WHAT YOU HAVE TO DO:
Could you retype the lines below, starting at the line holding "Photo of the" and stopping at the line holding "Windows 7 壁紙：水珠 #3 - 1366x768", inclusive? Copy them exactly and drop the images.

DATA SHOWN:
□ □ □ □ □
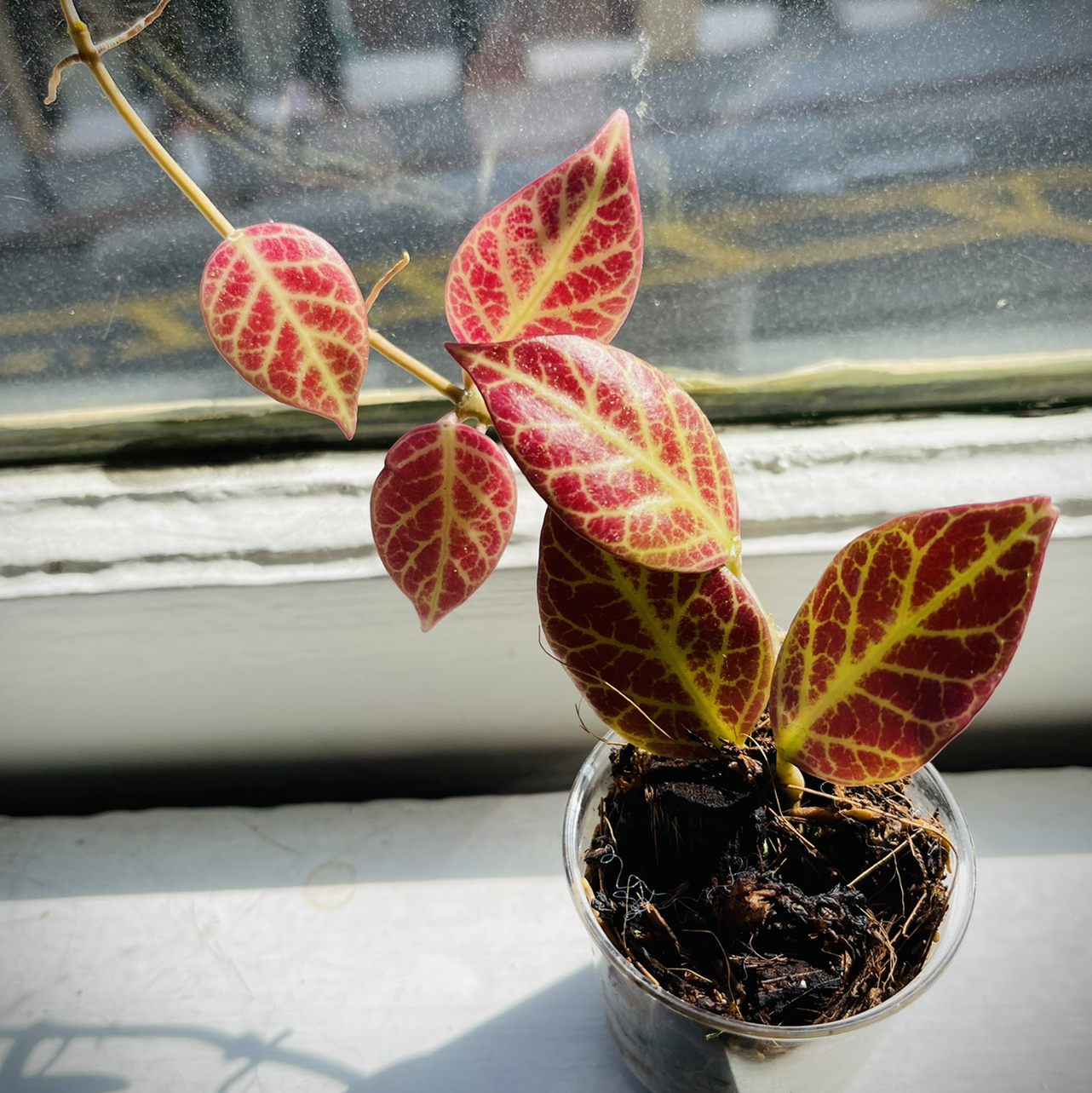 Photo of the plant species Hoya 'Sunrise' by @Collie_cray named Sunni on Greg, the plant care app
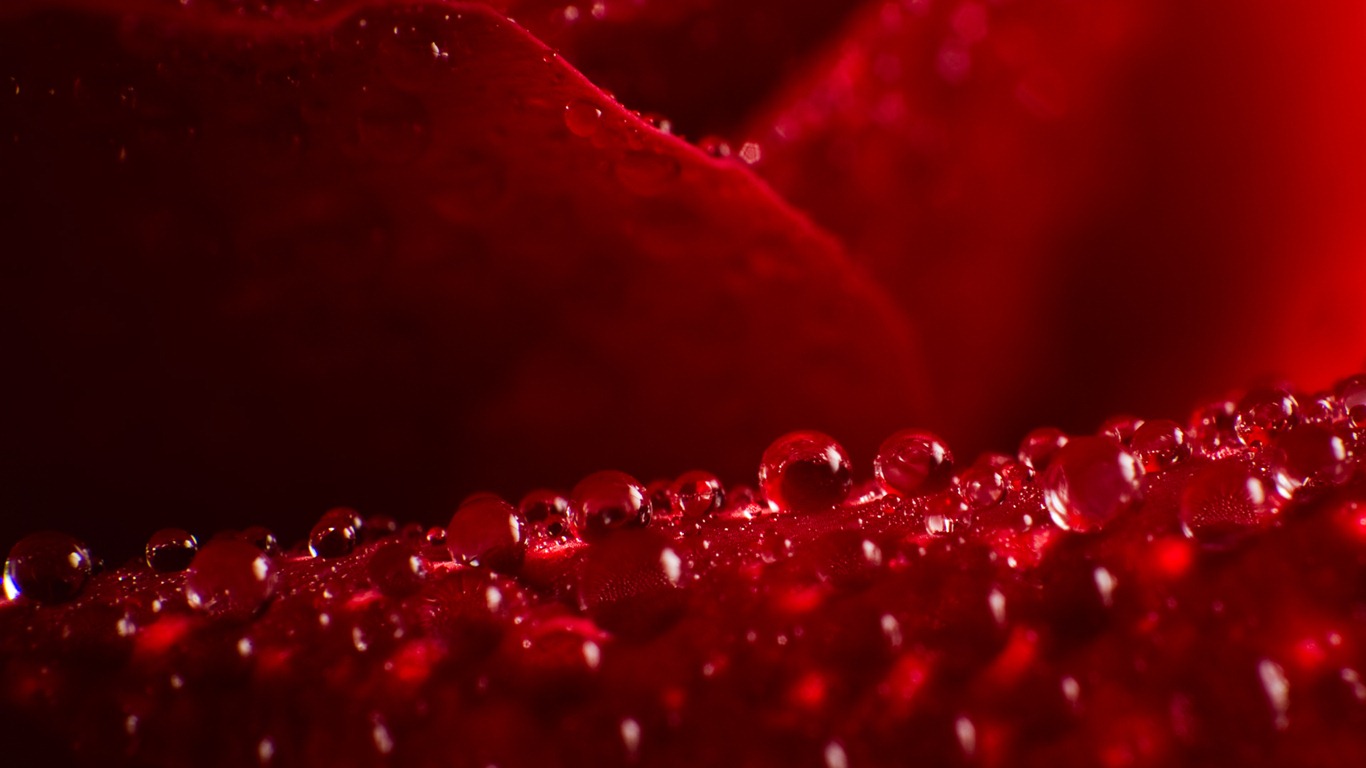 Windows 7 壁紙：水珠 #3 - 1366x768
□ □ □ □ □
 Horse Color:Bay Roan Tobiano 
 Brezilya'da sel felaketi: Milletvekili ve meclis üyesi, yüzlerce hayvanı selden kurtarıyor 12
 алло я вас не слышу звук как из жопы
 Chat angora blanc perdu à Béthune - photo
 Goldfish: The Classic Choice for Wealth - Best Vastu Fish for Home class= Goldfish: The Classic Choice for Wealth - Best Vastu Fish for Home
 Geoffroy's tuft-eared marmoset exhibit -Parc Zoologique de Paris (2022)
□ □ □ □ □
RESPONSE:
 Photo of the plant species Hoya 'Sunrise' by @Collie_cray named Sunni on Greg, the plant care app
 Windows 7 壁紙：水珠 #3 - 1366x768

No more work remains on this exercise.